:: Recorded data ::
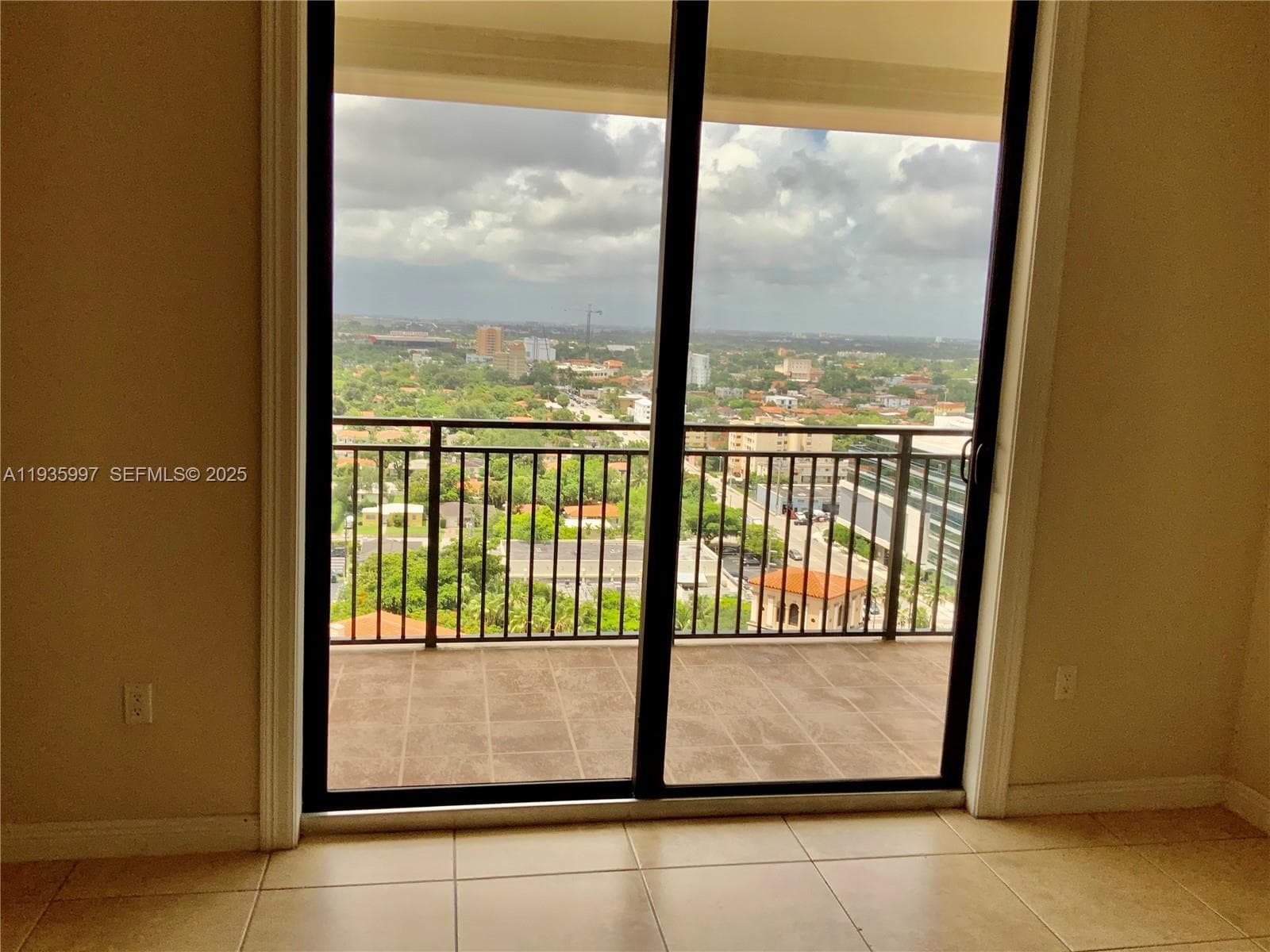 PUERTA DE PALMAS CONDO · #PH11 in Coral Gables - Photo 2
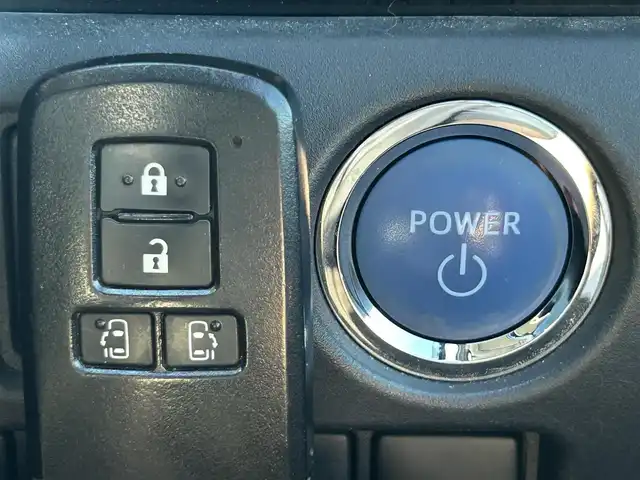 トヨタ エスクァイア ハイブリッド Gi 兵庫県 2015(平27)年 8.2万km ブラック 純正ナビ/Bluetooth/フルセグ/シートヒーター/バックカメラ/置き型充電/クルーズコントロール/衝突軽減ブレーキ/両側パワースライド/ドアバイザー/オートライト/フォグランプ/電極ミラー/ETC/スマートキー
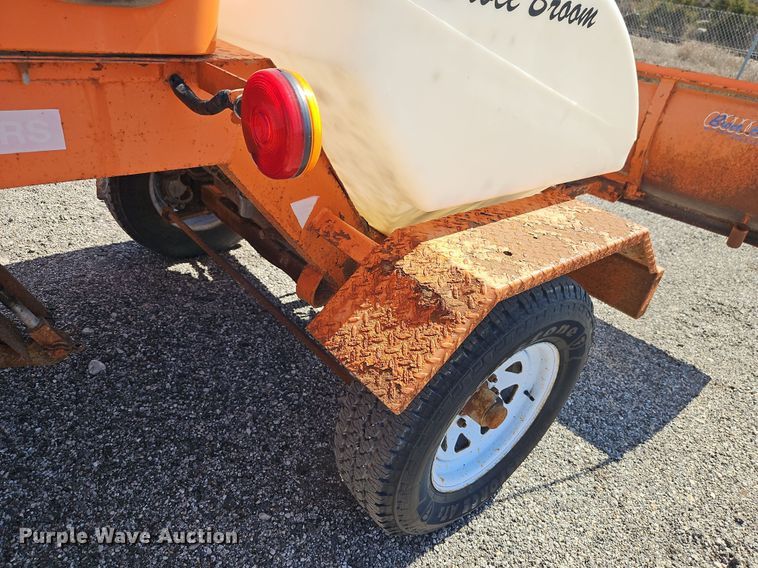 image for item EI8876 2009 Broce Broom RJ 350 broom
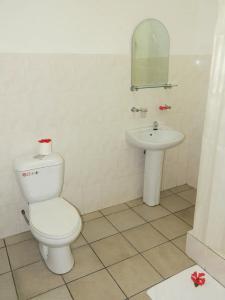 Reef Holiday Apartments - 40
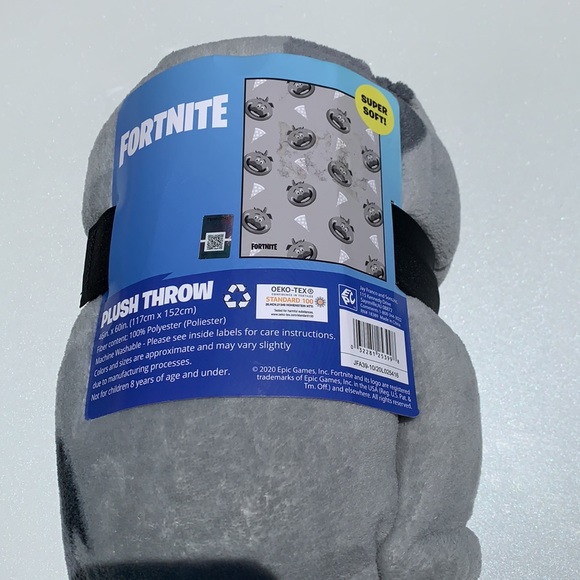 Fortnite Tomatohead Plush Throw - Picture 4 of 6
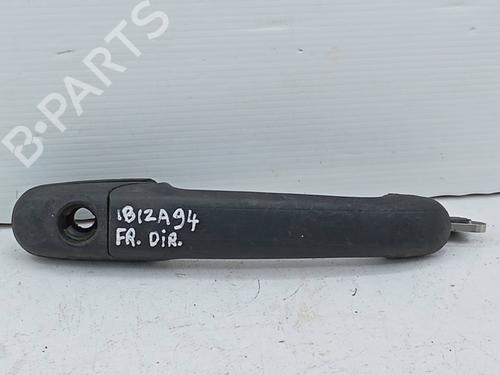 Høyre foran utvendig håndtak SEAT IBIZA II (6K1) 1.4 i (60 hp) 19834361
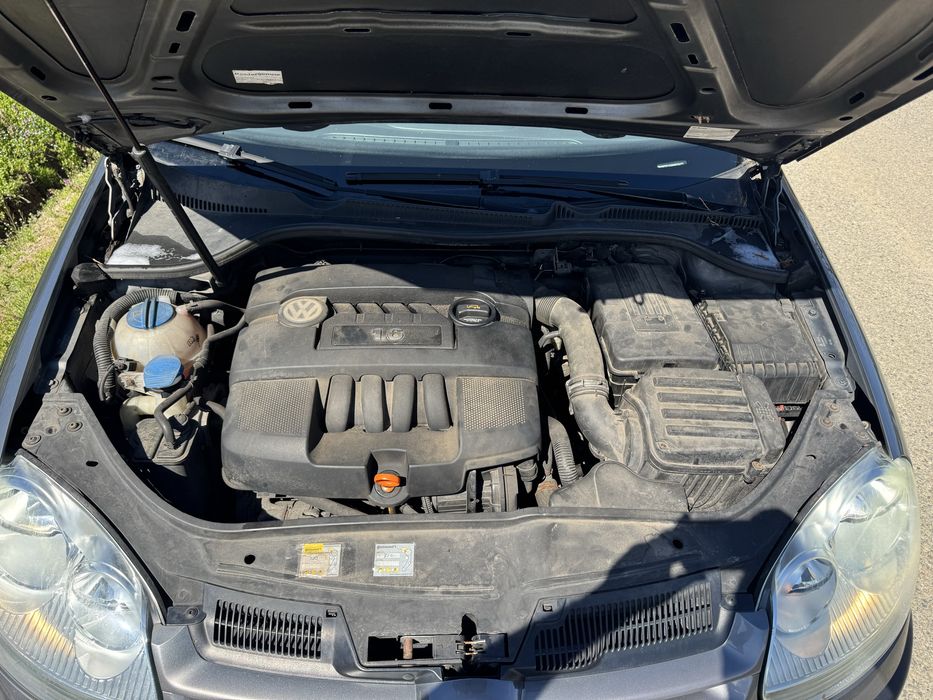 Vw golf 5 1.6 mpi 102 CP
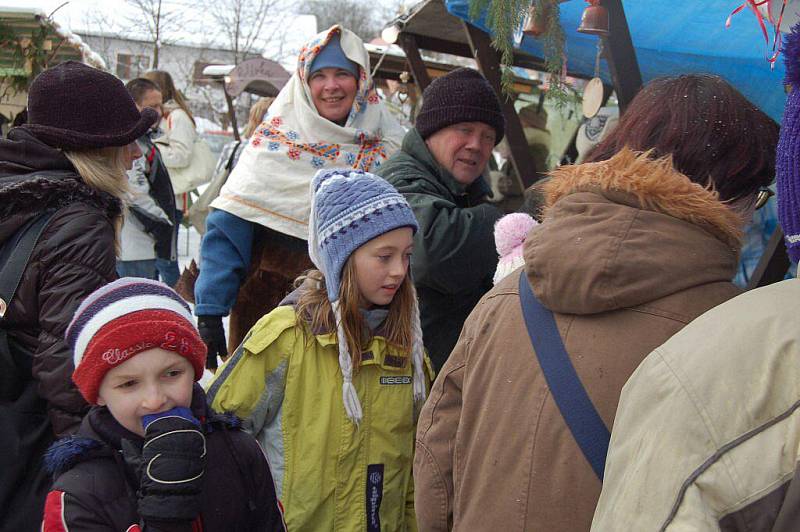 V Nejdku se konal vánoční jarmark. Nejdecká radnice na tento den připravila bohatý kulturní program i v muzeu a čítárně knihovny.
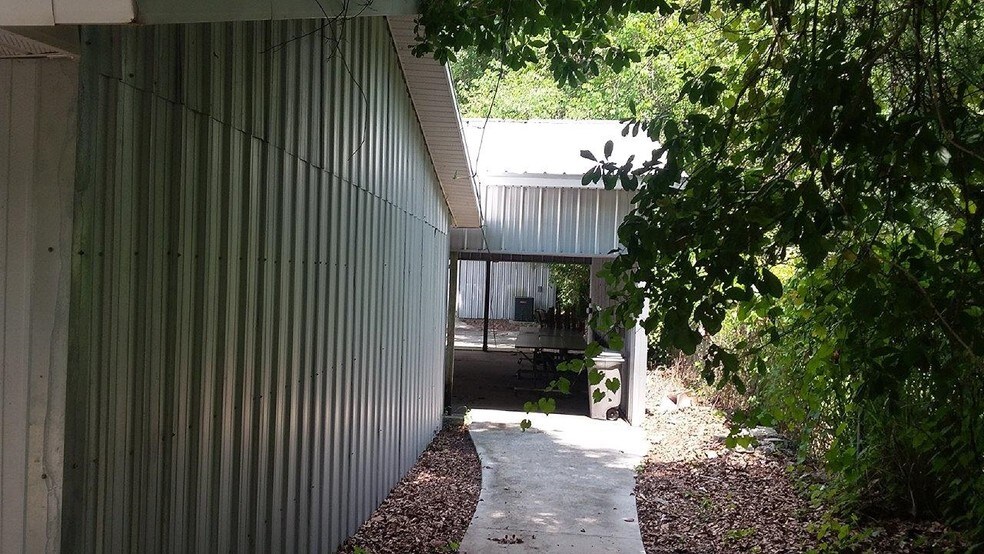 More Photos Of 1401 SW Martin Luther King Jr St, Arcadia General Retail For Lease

:: What needs to be done ::
Every line from the start of the listing above through the line with "Fortnite Tomatohead Plush" should be repeated exactly; skip the pictures and add nothing else.

:: Response ::
 PUERTA DE PALMAS CONDO · #PH11 in Coral Gables - Photo 2
 トヨタ エスクァイア ハイブリッド Gi 兵庫県 2015(平27)年 8.2万km ブラック 純正ナビ/Bluetooth/フルセグ/シートヒーター/バックカメラ/置き型充電/クルーズコントロール/衝突軽減ブレーキ/両側パワースライド/ドアバイザー/オートライト/フォグランプ/電極ミラー/ETC/スマートキー
 image for item EI8876 2009 Broce Broom RJ 350 broom
 Reef Holiday Apartments - 40
 Fortnite Tomatohead Plush Throw - Picture 4 of 6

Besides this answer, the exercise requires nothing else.